To comprehensively understand the impact of anthropogenic activities on biodiversity, we must understand how biodiversity has changed over time and what are the underlying processes. A growing body of evidence has shown that beta diversity reveals more about temporal changes in biodiversity compared with alpha diversity. Temporal beta diversity indicates, for example, degrees of change in species composition at single locations through time.
We examined whether freshwater plant communities showed different patterns in temporal beta diversity in relation to concomitant changes in environmental conditions across decades. To do this, we used presence–absence data of lake plants for five decades (1940s–2010s) from southern Finland and calculated temporal beta diversity indices (TBI) for each lake between pairs of decades to the whole community, hydrophytes and helophytes. To get insights into possible processes behind the observed trends, we decomposed TBIs into beta diversity contributed by either temporal losses or temporal gains of species. We related TBIs and their loss and gain components to lake landscape position and changes in environmental variables.

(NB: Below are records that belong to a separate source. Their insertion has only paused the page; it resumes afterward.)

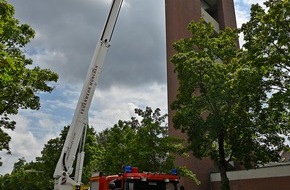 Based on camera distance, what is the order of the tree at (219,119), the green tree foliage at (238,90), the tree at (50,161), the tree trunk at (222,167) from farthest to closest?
the tree at (50,161)
the tree trunk at (222,167)
the tree at (219,119)
the green tree foliage at (238,90)

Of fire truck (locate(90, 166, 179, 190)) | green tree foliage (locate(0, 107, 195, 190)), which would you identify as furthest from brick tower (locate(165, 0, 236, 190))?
fire truck (locate(90, 166, 179, 190))

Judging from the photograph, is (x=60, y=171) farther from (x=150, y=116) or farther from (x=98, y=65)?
(x=150, y=116)

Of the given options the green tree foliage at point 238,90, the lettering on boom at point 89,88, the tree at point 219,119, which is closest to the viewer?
the lettering on boom at point 89,88

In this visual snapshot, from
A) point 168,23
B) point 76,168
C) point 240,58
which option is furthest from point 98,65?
point 168,23

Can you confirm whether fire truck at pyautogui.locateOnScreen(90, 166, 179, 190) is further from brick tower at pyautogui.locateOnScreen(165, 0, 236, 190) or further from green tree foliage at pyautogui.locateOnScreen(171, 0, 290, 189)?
brick tower at pyautogui.locateOnScreen(165, 0, 236, 190)

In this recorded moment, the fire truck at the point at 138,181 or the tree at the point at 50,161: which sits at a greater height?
the tree at the point at 50,161

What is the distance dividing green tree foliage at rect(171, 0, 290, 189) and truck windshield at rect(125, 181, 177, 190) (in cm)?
629

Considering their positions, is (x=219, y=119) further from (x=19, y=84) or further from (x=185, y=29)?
(x=185, y=29)

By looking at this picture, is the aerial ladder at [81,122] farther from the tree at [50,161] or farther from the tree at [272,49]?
the tree at [50,161]

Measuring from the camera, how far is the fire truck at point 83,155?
9.76m

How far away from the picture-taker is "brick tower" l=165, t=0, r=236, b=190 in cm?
2861

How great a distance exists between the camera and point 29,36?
15.6 meters

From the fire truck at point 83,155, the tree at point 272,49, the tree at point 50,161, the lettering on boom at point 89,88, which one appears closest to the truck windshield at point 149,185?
the fire truck at point 83,155

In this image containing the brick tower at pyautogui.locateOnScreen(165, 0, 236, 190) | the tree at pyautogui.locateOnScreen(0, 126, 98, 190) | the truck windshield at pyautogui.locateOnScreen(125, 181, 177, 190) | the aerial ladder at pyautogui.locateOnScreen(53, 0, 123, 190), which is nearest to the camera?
the truck windshield at pyautogui.locateOnScreen(125, 181, 177, 190) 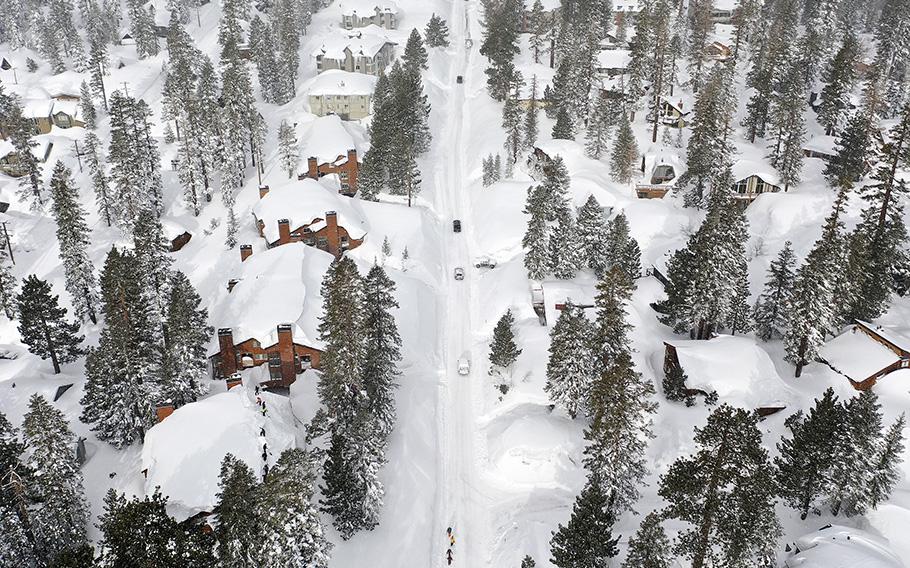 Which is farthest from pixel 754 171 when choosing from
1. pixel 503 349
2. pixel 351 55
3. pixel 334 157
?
pixel 351 55

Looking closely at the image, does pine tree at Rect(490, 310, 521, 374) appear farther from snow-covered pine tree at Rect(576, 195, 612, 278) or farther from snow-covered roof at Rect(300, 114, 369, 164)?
snow-covered roof at Rect(300, 114, 369, 164)

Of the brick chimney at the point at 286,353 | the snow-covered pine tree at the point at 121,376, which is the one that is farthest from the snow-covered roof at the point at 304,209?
the snow-covered pine tree at the point at 121,376

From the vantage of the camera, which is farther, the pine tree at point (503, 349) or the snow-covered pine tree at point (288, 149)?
the snow-covered pine tree at point (288, 149)

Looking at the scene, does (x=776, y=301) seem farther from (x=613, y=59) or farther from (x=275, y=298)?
(x=613, y=59)

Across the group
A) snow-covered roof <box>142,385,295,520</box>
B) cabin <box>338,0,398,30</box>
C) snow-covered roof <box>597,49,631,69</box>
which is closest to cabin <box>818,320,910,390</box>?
snow-covered roof <box>142,385,295,520</box>

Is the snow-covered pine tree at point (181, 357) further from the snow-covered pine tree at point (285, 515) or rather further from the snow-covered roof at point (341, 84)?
the snow-covered roof at point (341, 84) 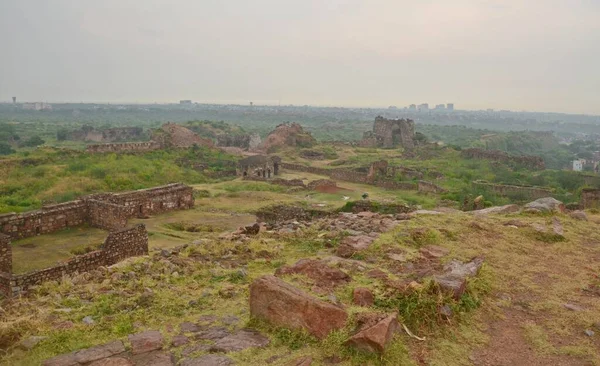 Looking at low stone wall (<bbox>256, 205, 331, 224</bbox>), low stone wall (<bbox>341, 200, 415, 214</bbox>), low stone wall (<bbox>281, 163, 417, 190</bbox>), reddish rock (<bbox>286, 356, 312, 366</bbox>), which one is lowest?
low stone wall (<bbox>281, 163, 417, 190</bbox>)

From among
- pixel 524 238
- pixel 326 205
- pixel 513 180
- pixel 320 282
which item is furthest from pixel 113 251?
pixel 513 180

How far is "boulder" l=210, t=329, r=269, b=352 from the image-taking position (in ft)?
17.5

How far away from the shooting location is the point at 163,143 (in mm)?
51250

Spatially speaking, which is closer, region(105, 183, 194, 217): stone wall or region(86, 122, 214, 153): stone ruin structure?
region(105, 183, 194, 217): stone wall

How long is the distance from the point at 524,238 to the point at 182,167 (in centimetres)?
3357

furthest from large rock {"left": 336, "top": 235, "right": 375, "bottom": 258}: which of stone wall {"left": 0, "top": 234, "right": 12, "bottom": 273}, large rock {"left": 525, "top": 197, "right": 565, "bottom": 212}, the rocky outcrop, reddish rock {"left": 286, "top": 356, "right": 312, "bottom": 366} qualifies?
the rocky outcrop

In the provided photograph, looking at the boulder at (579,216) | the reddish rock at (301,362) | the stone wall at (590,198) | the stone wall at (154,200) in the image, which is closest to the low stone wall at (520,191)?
the stone wall at (590,198)

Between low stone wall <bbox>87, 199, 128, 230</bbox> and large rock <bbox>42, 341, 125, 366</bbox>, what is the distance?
11.7 metres

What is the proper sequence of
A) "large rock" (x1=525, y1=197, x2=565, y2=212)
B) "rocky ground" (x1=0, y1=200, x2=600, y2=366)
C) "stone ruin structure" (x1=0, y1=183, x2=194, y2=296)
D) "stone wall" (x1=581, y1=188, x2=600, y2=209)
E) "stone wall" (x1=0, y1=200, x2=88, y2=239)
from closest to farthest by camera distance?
"rocky ground" (x1=0, y1=200, x2=600, y2=366)
"stone ruin structure" (x1=0, y1=183, x2=194, y2=296)
"large rock" (x1=525, y1=197, x2=565, y2=212)
"stone wall" (x1=0, y1=200, x2=88, y2=239)
"stone wall" (x1=581, y1=188, x2=600, y2=209)

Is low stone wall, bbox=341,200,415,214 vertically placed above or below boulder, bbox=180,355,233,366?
below

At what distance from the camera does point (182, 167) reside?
4088cm

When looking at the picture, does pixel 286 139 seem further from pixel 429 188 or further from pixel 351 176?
pixel 429 188

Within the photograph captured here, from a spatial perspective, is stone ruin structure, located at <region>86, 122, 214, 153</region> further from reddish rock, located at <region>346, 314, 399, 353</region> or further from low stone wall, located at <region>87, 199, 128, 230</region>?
reddish rock, located at <region>346, 314, 399, 353</region>

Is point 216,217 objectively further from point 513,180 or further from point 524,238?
point 513,180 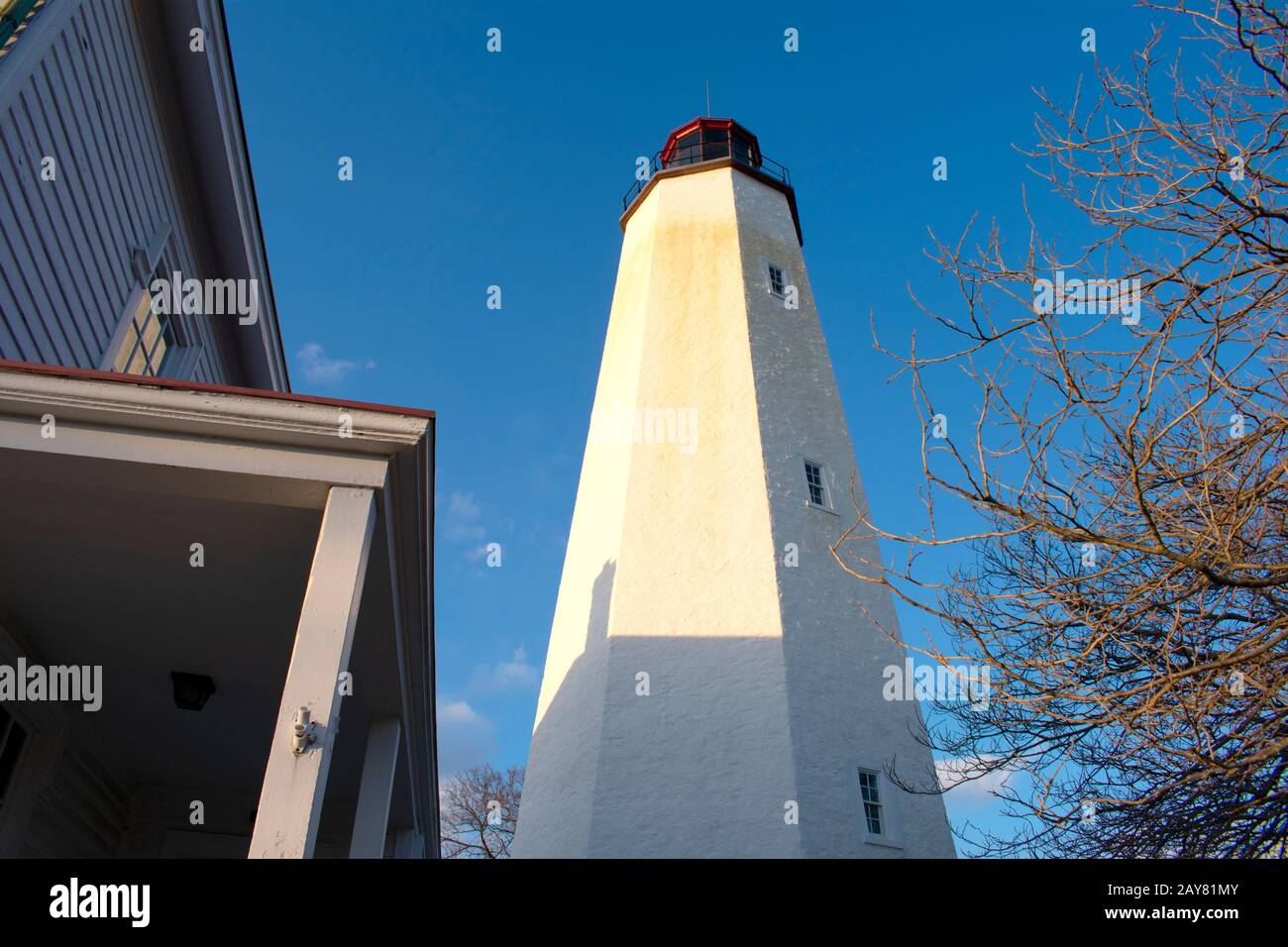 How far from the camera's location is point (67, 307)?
254 inches

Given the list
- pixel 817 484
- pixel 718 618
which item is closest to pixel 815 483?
pixel 817 484

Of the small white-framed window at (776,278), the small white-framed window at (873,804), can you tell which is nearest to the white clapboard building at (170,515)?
the small white-framed window at (873,804)

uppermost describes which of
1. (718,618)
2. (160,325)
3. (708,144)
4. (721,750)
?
(708,144)

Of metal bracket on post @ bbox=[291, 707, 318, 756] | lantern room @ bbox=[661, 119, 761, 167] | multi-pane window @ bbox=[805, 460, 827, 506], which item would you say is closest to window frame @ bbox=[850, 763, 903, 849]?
multi-pane window @ bbox=[805, 460, 827, 506]

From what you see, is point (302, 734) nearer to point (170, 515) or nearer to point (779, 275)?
point (170, 515)

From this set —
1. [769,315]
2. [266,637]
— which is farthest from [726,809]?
[769,315]

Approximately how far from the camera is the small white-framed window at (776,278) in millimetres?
18188

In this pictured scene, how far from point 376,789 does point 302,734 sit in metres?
2.93

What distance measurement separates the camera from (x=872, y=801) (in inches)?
500

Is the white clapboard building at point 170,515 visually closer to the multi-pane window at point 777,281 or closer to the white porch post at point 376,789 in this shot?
the white porch post at point 376,789

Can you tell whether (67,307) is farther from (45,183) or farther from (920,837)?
(920,837)

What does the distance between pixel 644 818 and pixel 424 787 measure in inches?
173
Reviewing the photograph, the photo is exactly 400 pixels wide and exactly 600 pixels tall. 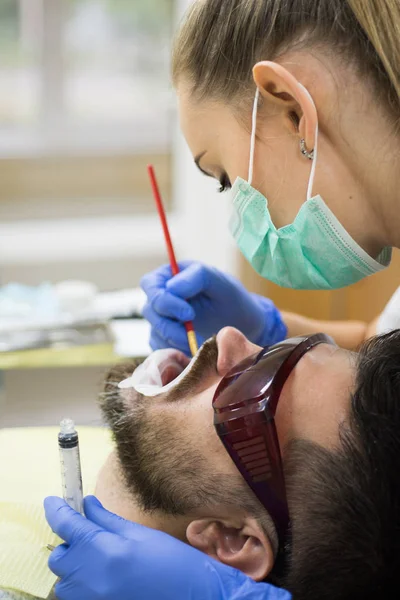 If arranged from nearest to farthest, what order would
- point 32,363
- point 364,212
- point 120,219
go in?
point 364,212 → point 32,363 → point 120,219

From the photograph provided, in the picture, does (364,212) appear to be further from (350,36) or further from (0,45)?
(0,45)

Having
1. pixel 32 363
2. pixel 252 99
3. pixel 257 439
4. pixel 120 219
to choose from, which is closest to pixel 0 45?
pixel 120 219

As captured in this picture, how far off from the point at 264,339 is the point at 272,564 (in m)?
0.77

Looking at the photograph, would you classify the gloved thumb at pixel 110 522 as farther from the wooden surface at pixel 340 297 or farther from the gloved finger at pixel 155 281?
the wooden surface at pixel 340 297

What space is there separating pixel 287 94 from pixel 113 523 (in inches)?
27.7

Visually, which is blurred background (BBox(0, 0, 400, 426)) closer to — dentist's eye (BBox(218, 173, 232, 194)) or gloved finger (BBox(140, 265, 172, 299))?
gloved finger (BBox(140, 265, 172, 299))

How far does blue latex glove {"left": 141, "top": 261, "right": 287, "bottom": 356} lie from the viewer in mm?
1599

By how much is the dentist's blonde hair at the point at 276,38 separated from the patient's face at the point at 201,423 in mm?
417

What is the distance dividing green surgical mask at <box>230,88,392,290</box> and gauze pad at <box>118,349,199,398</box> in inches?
9.5

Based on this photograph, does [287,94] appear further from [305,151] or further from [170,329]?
[170,329]

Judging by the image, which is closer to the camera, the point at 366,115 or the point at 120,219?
the point at 366,115

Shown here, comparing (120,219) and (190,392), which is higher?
(190,392)

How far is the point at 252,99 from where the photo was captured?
1.20 m

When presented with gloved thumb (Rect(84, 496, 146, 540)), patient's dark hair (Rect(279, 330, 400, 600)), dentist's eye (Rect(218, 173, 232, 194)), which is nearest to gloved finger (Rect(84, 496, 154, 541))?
gloved thumb (Rect(84, 496, 146, 540)) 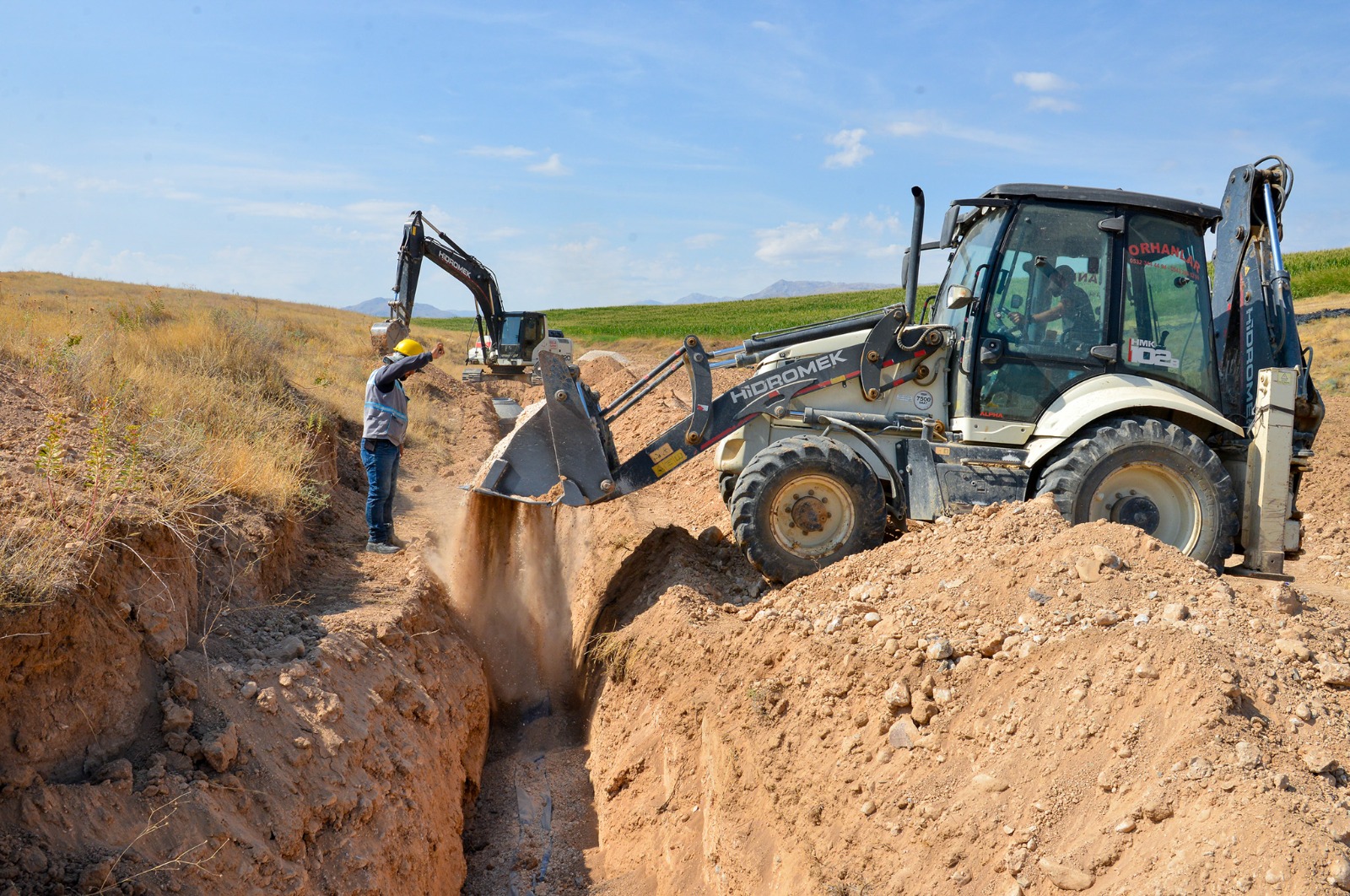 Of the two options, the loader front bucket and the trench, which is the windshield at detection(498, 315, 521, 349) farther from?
the loader front bucket

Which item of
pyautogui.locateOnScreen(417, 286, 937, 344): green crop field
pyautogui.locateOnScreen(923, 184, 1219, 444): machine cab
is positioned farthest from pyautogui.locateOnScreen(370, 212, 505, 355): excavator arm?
pyautogui.locateOnScreen(417, 286, 937, 344): green crop field

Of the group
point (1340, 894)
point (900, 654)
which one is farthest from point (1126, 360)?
point (1340, 894)

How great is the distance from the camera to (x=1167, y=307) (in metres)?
6.78

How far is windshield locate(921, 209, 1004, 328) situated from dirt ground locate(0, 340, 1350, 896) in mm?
1742

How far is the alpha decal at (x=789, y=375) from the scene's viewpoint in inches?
284

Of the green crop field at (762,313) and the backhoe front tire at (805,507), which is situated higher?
the green crop field at (762,313)

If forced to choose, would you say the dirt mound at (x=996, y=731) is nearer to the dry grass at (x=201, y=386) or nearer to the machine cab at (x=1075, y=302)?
the machine cab at (x=1075, y=302)

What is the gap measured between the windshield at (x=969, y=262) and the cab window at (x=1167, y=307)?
3.07ft

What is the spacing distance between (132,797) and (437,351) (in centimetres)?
488

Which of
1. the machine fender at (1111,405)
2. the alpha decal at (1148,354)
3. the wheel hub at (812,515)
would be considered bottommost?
the wheel hub at (812,515)

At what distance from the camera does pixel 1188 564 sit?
5.00m

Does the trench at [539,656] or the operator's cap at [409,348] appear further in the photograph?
the operator's cap at [409,348]

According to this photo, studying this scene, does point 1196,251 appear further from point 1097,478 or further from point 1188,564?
point 1188,564

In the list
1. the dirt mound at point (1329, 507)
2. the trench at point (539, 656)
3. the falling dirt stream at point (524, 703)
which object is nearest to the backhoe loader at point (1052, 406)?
the trench at point (539, 656) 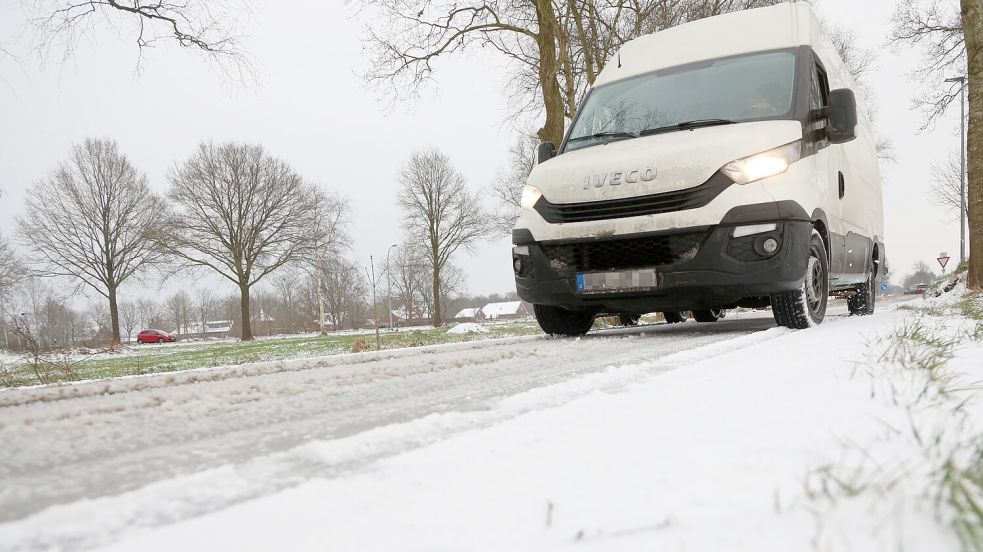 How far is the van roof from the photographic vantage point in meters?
4.83

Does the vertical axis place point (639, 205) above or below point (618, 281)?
above

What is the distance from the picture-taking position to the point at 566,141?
16.8 feet

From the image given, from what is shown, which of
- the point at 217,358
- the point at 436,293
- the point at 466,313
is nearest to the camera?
the point at 217,358

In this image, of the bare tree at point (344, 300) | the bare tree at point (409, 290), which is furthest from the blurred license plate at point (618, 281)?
the bare tree at point (409, 290)

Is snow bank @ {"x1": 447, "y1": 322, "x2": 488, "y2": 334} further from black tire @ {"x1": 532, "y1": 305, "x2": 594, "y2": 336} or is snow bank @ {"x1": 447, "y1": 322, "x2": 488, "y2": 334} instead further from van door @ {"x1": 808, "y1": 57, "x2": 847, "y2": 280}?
van door @ {"x1": 808, "y1": 57, "x2": 847, "y2": 280}

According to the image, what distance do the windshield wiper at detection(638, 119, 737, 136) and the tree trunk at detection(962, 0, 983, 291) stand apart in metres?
5.90

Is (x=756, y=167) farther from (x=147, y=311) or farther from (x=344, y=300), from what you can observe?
(x=147, y=311)

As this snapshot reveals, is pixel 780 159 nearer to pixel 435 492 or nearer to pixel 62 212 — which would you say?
pixel 435 492

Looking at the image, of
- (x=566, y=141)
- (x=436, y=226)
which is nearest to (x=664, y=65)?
(x=566, y=141)

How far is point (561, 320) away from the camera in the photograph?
5.23m

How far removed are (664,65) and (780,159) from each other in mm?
1606

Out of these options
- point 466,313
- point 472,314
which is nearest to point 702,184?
point 472,314

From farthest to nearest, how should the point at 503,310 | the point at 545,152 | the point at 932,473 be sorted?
the point at 503,310 → the point at 545,152 → the point at 932,473

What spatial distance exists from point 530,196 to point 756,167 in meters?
1.57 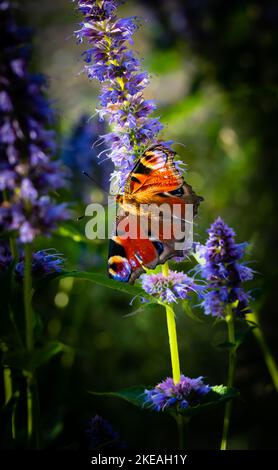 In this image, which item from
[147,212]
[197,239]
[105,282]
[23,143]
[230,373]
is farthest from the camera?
[197,239]

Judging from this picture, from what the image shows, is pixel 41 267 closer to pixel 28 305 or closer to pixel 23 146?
pixel 28 305

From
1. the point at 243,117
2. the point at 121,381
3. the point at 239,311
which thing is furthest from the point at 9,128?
the point at 243,117

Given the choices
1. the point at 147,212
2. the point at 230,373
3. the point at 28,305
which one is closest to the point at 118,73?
the point at 147,212

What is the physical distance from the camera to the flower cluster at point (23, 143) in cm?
90

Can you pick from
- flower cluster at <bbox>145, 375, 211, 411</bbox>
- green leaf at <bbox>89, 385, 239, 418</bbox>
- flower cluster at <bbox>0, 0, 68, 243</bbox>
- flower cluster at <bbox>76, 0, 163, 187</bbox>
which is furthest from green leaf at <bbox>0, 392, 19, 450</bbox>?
flower cluster at <bbox>76, 0, 163, 187</bbox>

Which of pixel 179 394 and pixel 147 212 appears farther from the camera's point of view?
pixel 147 212

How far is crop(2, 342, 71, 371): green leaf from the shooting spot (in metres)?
0.91

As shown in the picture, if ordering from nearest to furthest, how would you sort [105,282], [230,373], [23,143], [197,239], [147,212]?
[23,143] → [105,282] → [230,373] → [147,212] → [197,239]

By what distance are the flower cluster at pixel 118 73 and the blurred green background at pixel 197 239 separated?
0.15 metres

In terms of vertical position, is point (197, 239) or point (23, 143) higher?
point (197, 239)

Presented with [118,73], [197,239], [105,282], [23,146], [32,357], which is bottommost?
[32,357]

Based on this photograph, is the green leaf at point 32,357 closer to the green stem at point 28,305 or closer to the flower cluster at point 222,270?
the green stem at point 28,305

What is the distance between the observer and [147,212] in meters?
1.37

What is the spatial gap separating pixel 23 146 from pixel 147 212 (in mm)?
514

Based on comparisons of TBIs between the survey decade pairs, the temporal change in aquatic plant communities was modest through decades. Hydrophyte assemblages have changed more than helophyte assemblages. The main changes in temporal beta diversity occurred from the 1940s to the 1970s, when the gain of new species was the dominant process in the lakes throughout the landscape. Following that period, there was only modest changes, but from the 2000s to the 2010s, the dominant process was the loss of species. Temporal changes in environmental conditions played a key role in explaining the TBI.
Our results showed that relying on only two survey points in time can result in limited knowledge of the ecological phenomenon under study and, for example, an exceptional year in terms of weather conditions can hinder detecting overall long‐term trends in compositional changes. Therefore, future studies should try to combine data from several decades to overcome the typical limitations of temporal information.